Déjà, je suis responsable de la direction technique, donc en ce qui me concerne, la formation commence à partir de l’école B. Ainsi, il y’a 4 équipes écoles, deux équipes minimes, deux équipes cadettes, une équipes juniors et une équipe pour l’élite. J’ai essayé, depuis mon arrivée, de réduire les groupes. Maintenant, on a, à peu prés, 22 joueurs par équipes, ce qui nous donne quelques 300 gamins espérantistes.


Les tranches d’âges ?

De 10 ans à 21 ans. C’est l’occasion de rappeler qu’il faut rajeunir un peu l’âge des élites. Je pense qu’à 21 ans, où tu t’entraines avec les pros, tu n’as rien à faire ici. 


A votre venue, vous avez procédé à une évaluation de ce qui existe ? Quel est votre constat ?

Au niveau des structures, je pense qu’on est bien mais on peut toujours améliorer. On a de bons terrains, une salle de musculation, des kinés et une direction technique qui a été construite par le Club en 2007. Mais quand je suis arrivé ici, j’ai été un peu surpris de trouver des groupes de 35 joueurs par catégorie. Quel est l’entraineur qui pourrait travailler avec un groupe de 35 joueurs. Je me suis dit, qu’on n’est pas ici pour faire de la masse, nous ne sommes pas un jardin d’enfants, et il ne faut donc plus garder que les meilleurs. J’ai été aussi surpris par le niveau de pas mal de jeunes qui était assez faible. Donc il y’avait un problème au niveau de la sélection. 

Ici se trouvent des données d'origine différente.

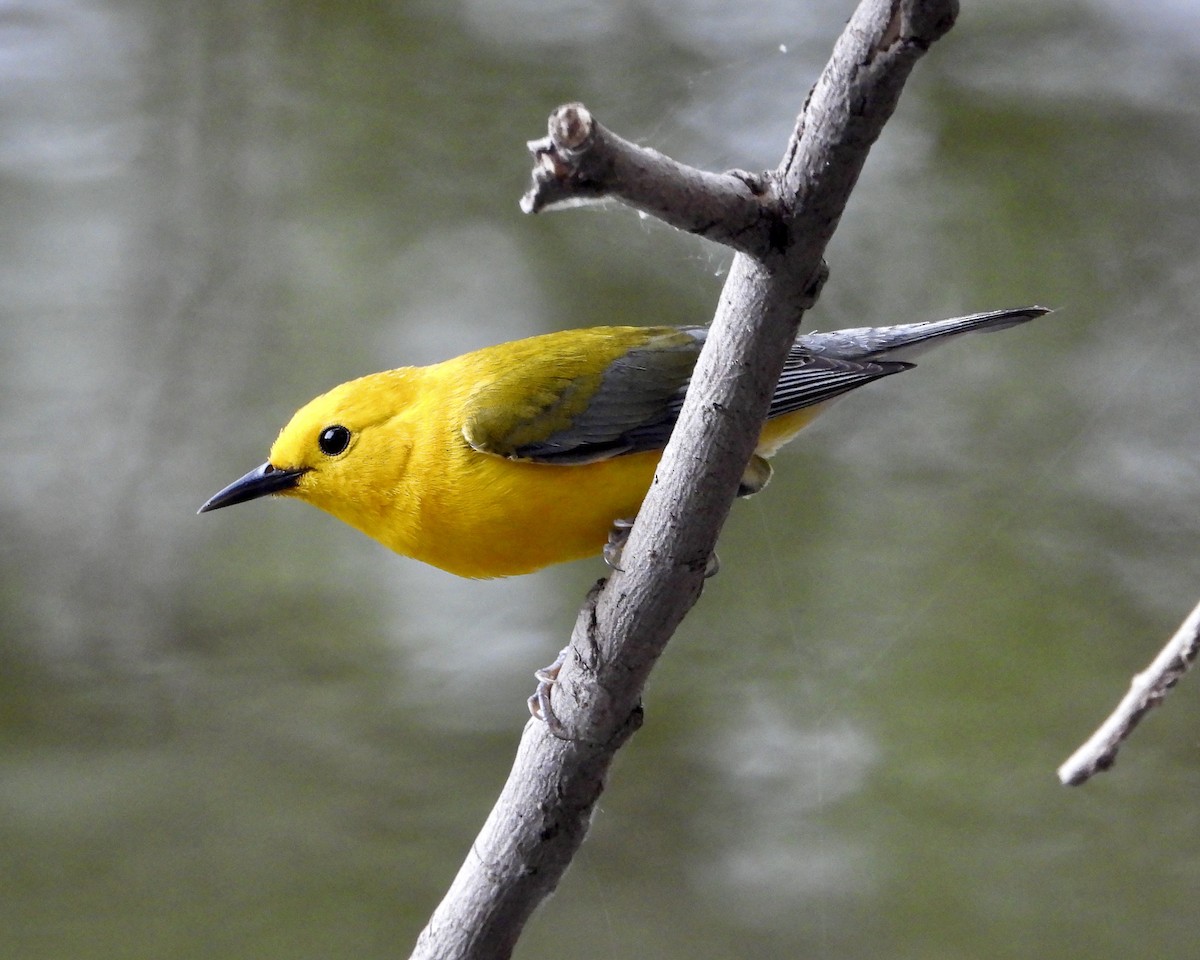 Prothonotary Warbler - ML618457208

Et la 3ème chose, j’ai constaté un grand problème par rapport à l’instabilité qu’il y'avait en formation. Avant que je n’arrive à l’EST, il y’avait eu trois ou quatre directeurs techniques en deux ans. Or, tout le monde devrait travailler suivant le même projet, mais cela ne se faisait presque plus en raison des multiples changements au niveau de la direction, ce qui est préjudiciable aux gamins. Il faut donc assurer la stabilité dans la formation pour mettre en place un suivi efficace. C’est presque comme à l’école, si tous les trois mois, tu changes de profs, l’élève ne peut pas avancer. C’est une instabilité chronique en Tunisie et en Afrique en général. Il faut plus de stabilité, et c’est ce que M Meddeb m’a confié en venant me chercher. En formation, moi je n’ai changé personne depuis que je suis à l’EST. Maintenant, les entraîneurs ont progressé dans la planification, et à partir de là, je ne peux pas me permettre de virer des entraîneurs et recommencer la formation à zéro. Les meilleurs clubs sont  les clubs stables où on peut sentir cette capacité de travailler dans la tranquillité et la sérénité.


Quelle est votre politique technique, les objectifs visés et votre priorité en tant que DT ?

Ma priorité consiste essentiellement à  former des professionnels. M. le président m’a donné cette lourde tâche et je me dois d’être à la hauteur de cet engagement. Ma deuxième priorité, c’est de former des hommes bien éduqués parce qu’on ne peut pas former des footballeurs sans former l’homme. Il devrait avoir un suivi tactique et technique pour former des grands joueurs mais si voulez des grands joueurs de football, il faut former de grands hommes. 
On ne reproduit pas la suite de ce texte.